Die dichterische Befreiung des ich führt zum Allerwelts-Ich, das die Innerlichkeit, die Intimität mit sich selbst mit der vollkommenen Äußerlichkeit, der Exteriorität oder Fremdheit vertauscht – ganz Außen, verschwommen im, verloren an das Außen, an die allerweltliche Oberflächlichkeit. Zwei betrübliche Wege hält der erste Vers also bereit: Hier die Ankettung an sich selbst, unfähig herauszukommen, immer wieder bloß ich, ich, ich zu sagen und sich selbst dabei gegenwärtig sein zu müssen. Dort das Sprechen vom Ich-in-aller-Welt, das im Außen nirgendwo Fuß fassen kann, sich selbst fremd wird, sich selbst verliert an die Oberflächlichkeit.

Werfen wir an dieser Stelle einen Blick auf den zweiten Vers. Dieses Ich-in-aller-Welt, das sich seiner Ankettung an sich selbst entledigt hat, nur um sich im Außen zu verlieren, trägt eine Haut wie Blumen. Beginnen wir mit dem vorderen Teil: Was heißt es, eine Haut zu tragen? Was ist eine Haut?
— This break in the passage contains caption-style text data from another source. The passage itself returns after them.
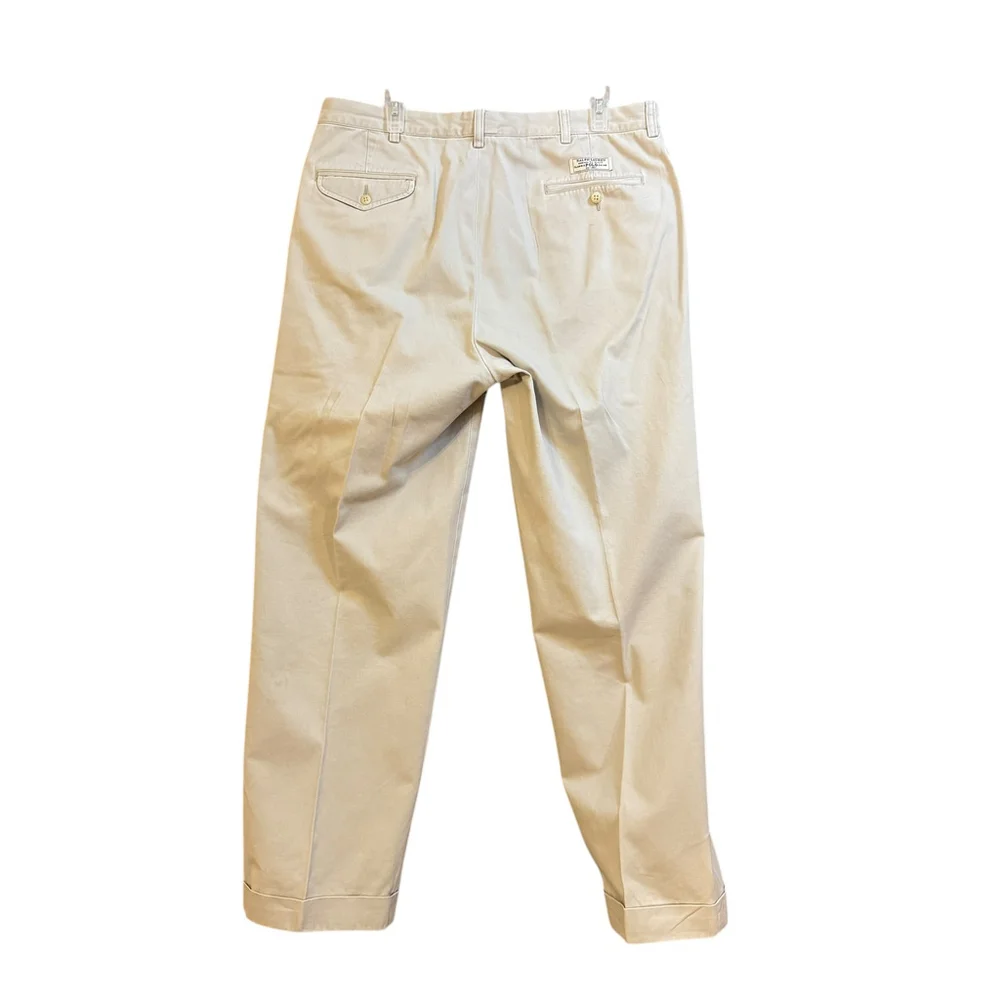 Polo by Ralph Lauren Beige Hammond Pants Size 36x30 100% Cotton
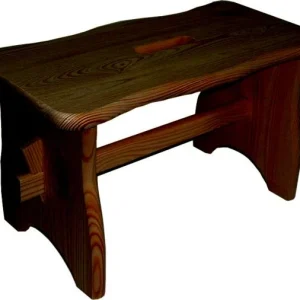 Sgabello Legno Scuro Maxi Cm. 39X19X21 H
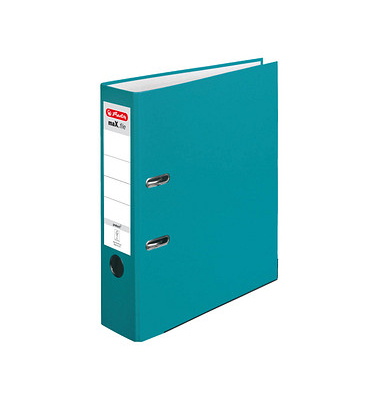 Ordner maX.file protect 50015931, A4 80mm breit PP vollfarbig caribbean turquoise Ordner maX.file protect 50015931, A4 80mm breit PP vollfarbig caribbean turquoise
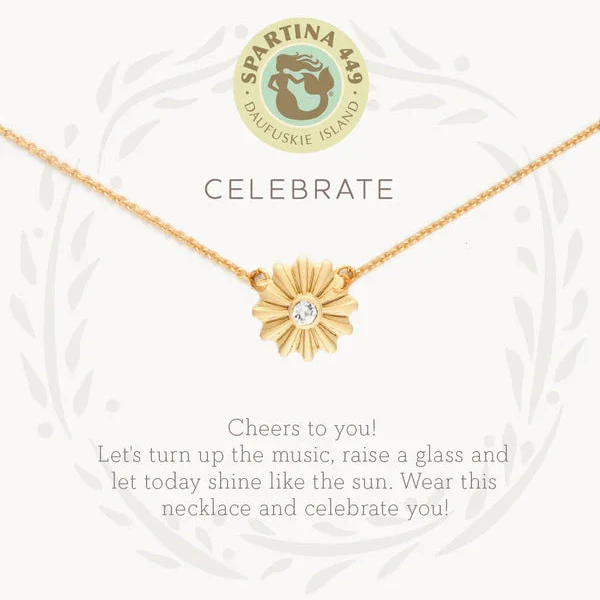 Expertly Made Sea La Vie Necklace Celebrate Gold Classic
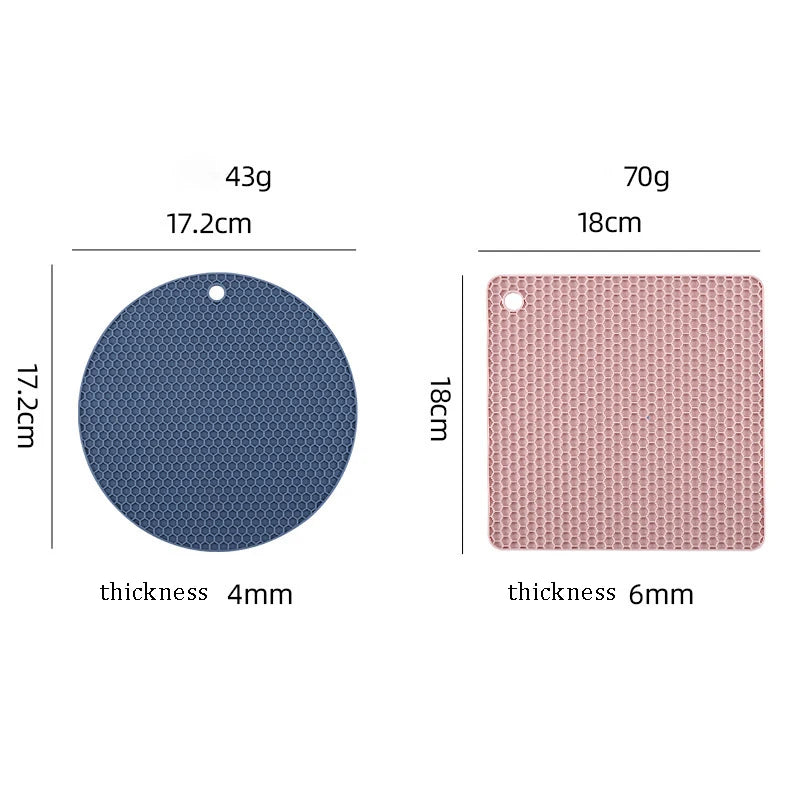 Silicone heat resistant pot coasters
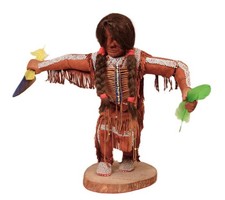 Large Northern Plains Medicine Man Doll By Erla Graham 22.5"h x 24.25"w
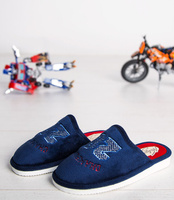 Kapcie dziecięce Natural Style NS-151 Granatowe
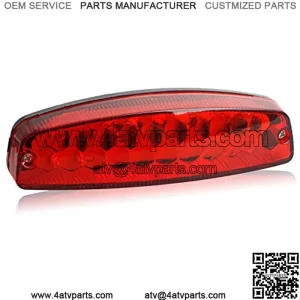 LED Rear Brake Tail Light Red Motorcycle Taillight Compatible with 50cc 70cc 90cc 110cc 125cc Scooter Moped Quad Taotao Sunl JCL Coolster Roketa Kazuma Chinese Atvs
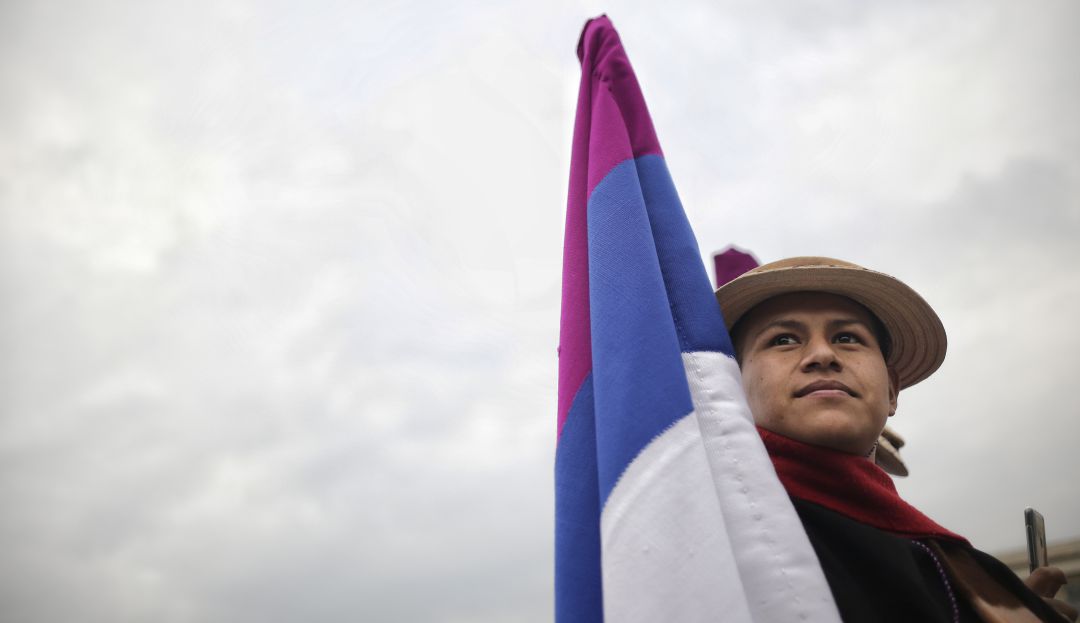 Indígenas de Putumayo mantienen protestas y amenazan con bloqueos
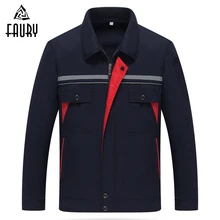 Мастерская одежда унисекс ремонт машины Авто Ремонт с длинными рукавами из двух частей Инженерная форма сервис Лоскутная куртка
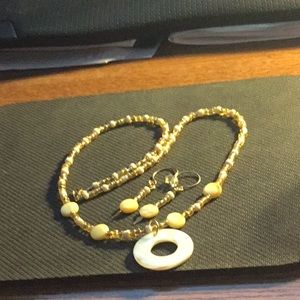 Unique one of a kind handmade Beaded necklace set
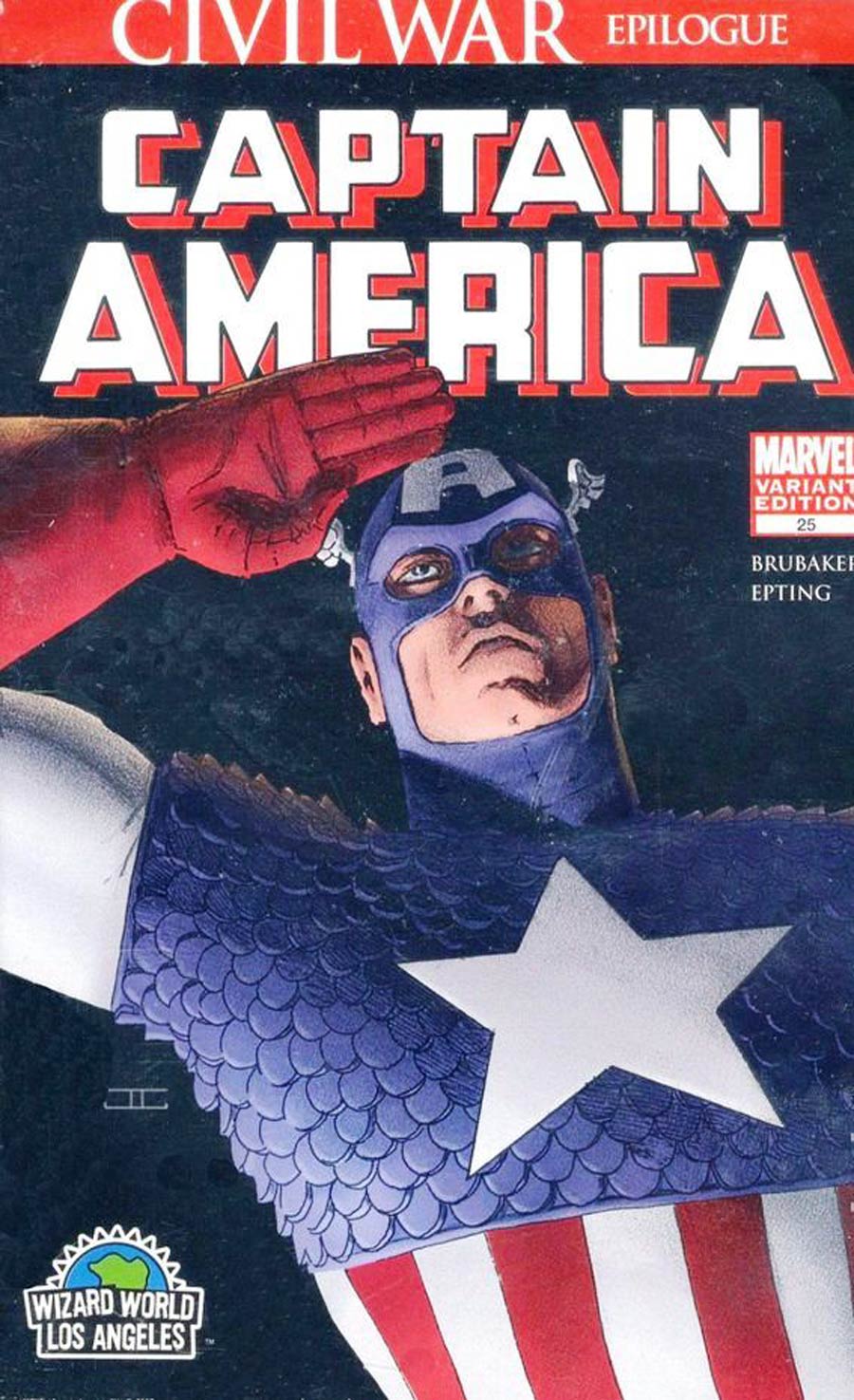 Captain America Vol 5 #25 Cover E WWLA Variant Cover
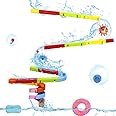 Symiu Giochi Bagnetto Bagno Bambini Pista Biglie Rampa per Blocchi Costruzioni Giochi Doccia per Bambini 3 4 5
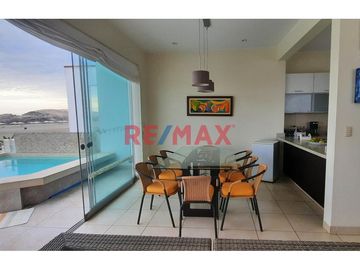 Venta De Casa De Playa Amoblada Con Piscina En Condominio Club Playa Las Palmeras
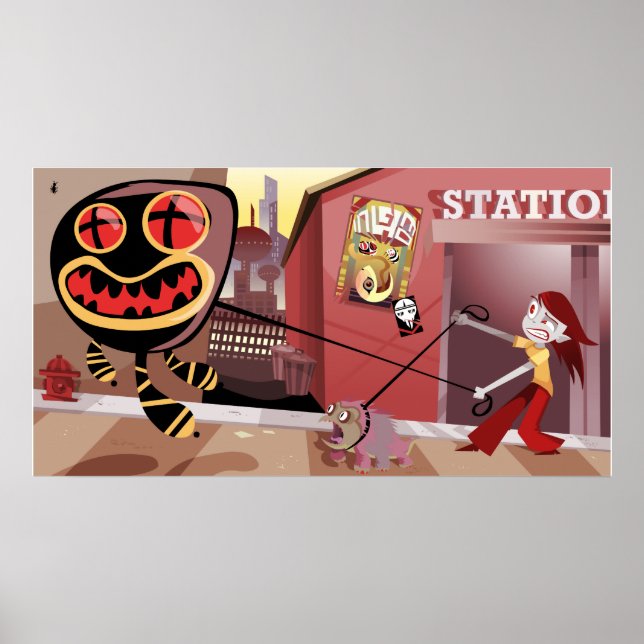 Poster Alien Petshop (Devant)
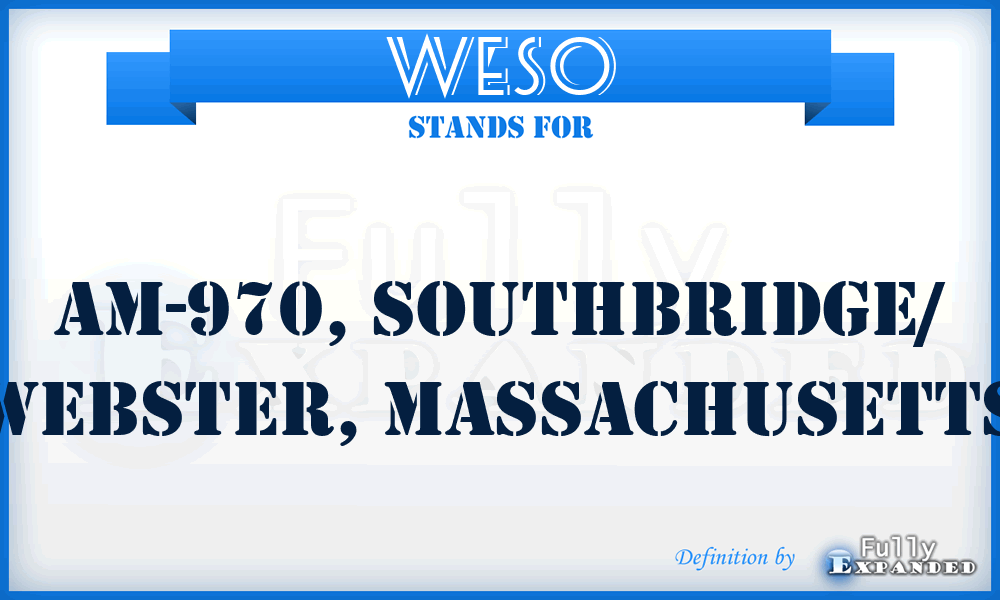 WESO - AM-970, Southbridge/ Webster, Massachusetts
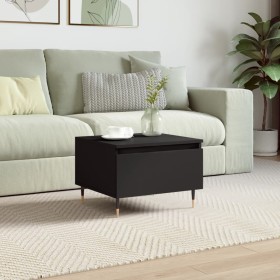 Mesa de centro madera de ingeniería negro 50x46x35 cm de , Mesas de centro - Ref: Foro24-830846, Precio: 43,68 €, Descuento: %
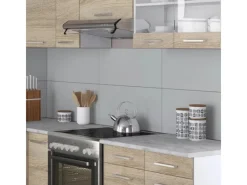 Online Vicco Rick Eckküche Weiß/Sonoma 227 x 167 cm AP Marmor mit LED-LeistenRick ohne E-Geräte
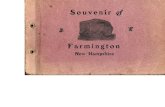 Farmington NH Souvenir Booklet 1904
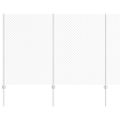vidaXL Sieťový plot s stĺpom 10 x 1,5 m Pozinkovaná oceľ Strieborná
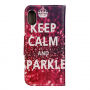 Flip futrola za iPhone XS / iPhone X - Keep Calm and Sparkle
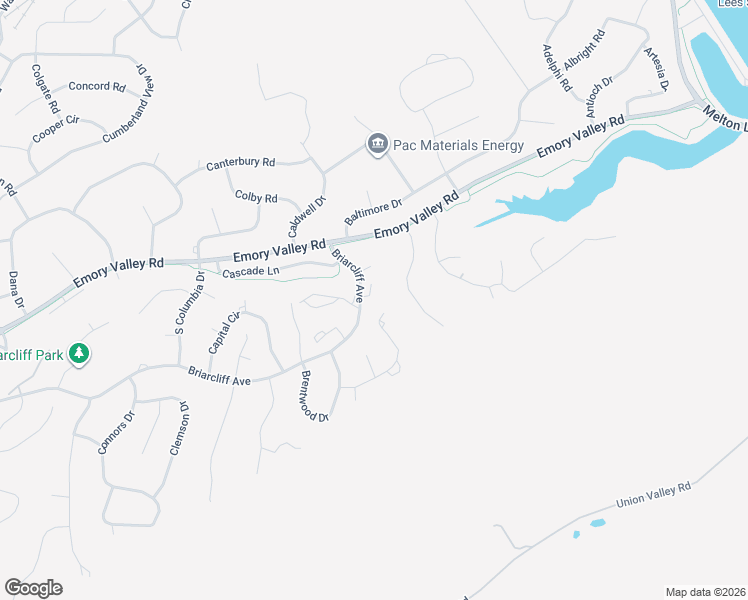 map of restaurants, bars, coffee shops, grocery stores, and more near 20 Belmont Court in Oak Ridge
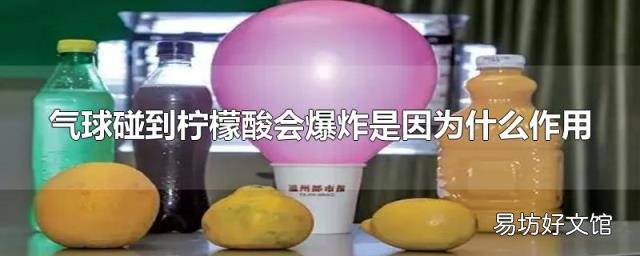 气球碰到柠檬酸会爆炸是因为什么作用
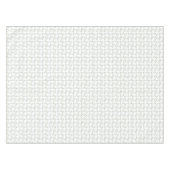 Nappe Coeurs blancs et gris vert diamant motif tablec (Devant (Horizontal))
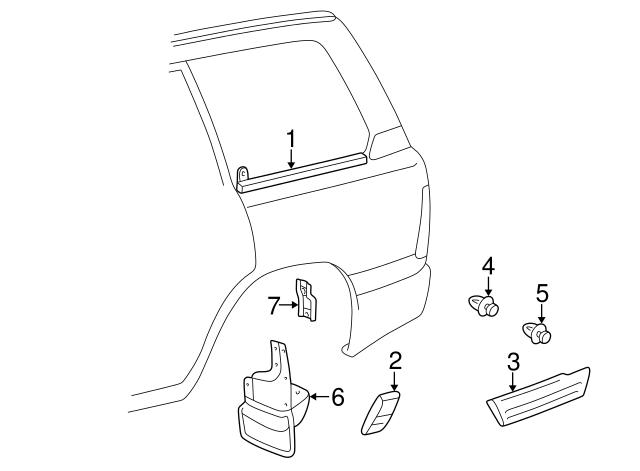 Кліпса молдингу крила 9046712072 TOYOTA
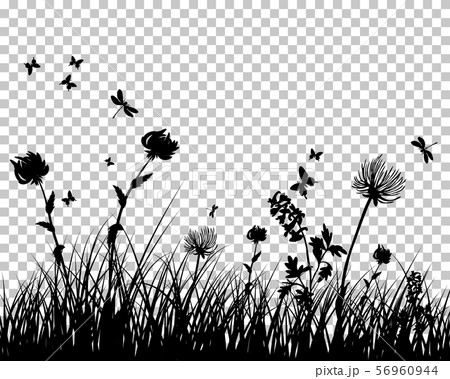 Meadow silhouette 56960944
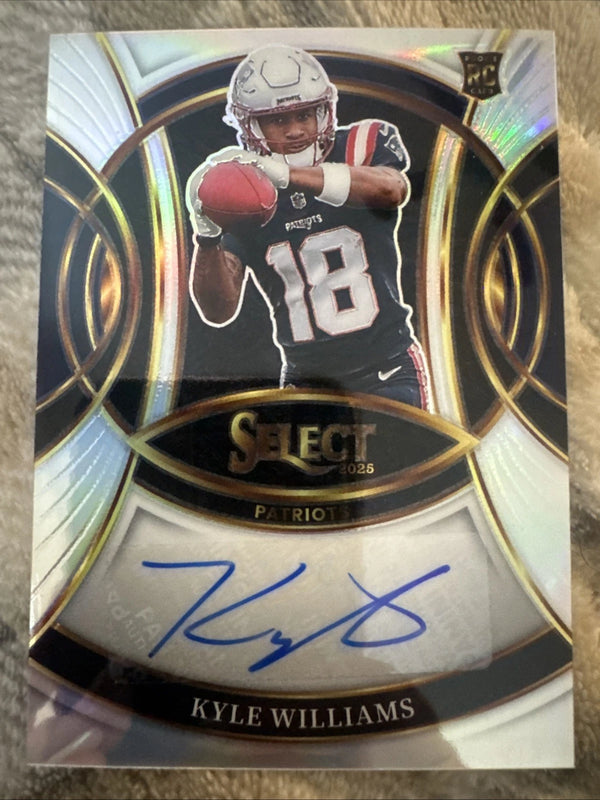 2025 Panini Select - Rookie Signatures Kyle Williams #RSI-KWS Silver Prizm (AU,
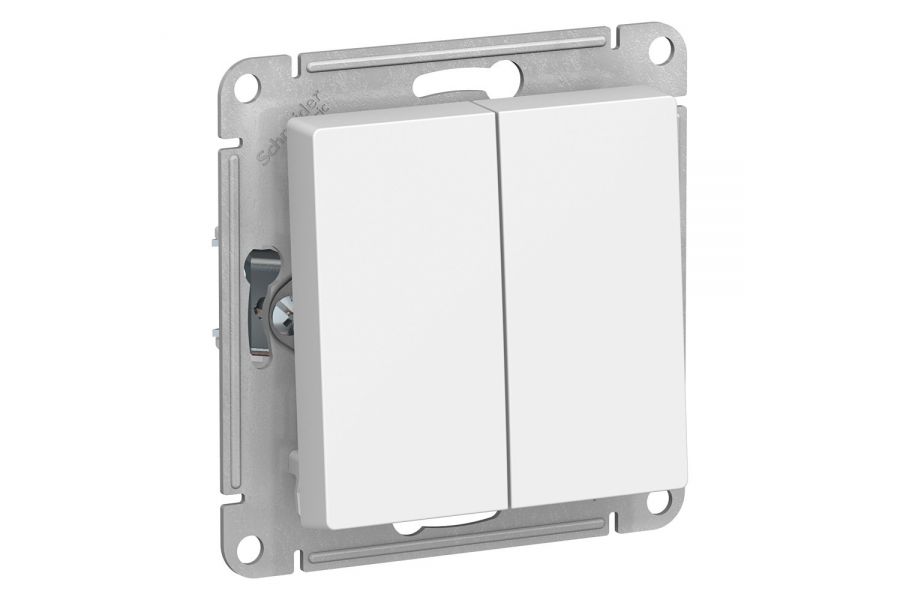 Переключатель 2-клавишный сх.6, 10АХ, механизм Systeme Electric AtlasDesign ATN000165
Zuerst ist die Haut außen, stets außen, der Welt zugeneigt, den Dingen versprochen. Berührungen – über Berührungen gehen von ihr aus und nimmt sie auf. Ein Windhauch, ein Regentropfen, ein Kuss, alles berührt mich mehr als ich je zu verstehen imstande sein werde. Eine Haut ist reine, andauernde, überwältigende Berührung und Empfindung, purer Kontakt und Übergang zur Welt. Gäbe es keine Kleidung, keine Abstumpfung, keinen Schutz gegen diese „Hautlichkeit“ des Daseins – wäre allen immer alles zu viel. Eine Haut zu tragen heißt vor allem, sie zu er-tragen, diese reine Ausgesetztheit, diese Passion der Welt. Hören wir die Nähe zum ersten Vers? Die Haut verkörpert gerade die abstrakte Erfahrung des Sich-Verlierens an die Oberflächlichkeit des Ichs-in-aller-Welt. Die Oberflächlichkeit ist die Abstrahierung der Hautlichkeit. Sind die Worte zur Haut also bloße Explizierung des Vorhergehenden? Sind sie nicht etwas mehr? Der erste Vers stellte uns vor die abstrakte Wahl zwischen dem selbstgenügsamen, abgeschlossenen ich und dem sich-verlierenden, offenen Ich-in-aller-Welt. Ist es zuviel zu sagen, dass der Dichter sich durch die Anrufung der Haut für letzteres entscheidet? Ich denke nicht. Es gilt aber nun zu verstehen, was den Dichter zu dieser Entscheidung bringt. Die Haut nämlich, um die es dem Dichter geht, ist keine gewöhnliche Haut, sondern eine Haut „wie Blumen“.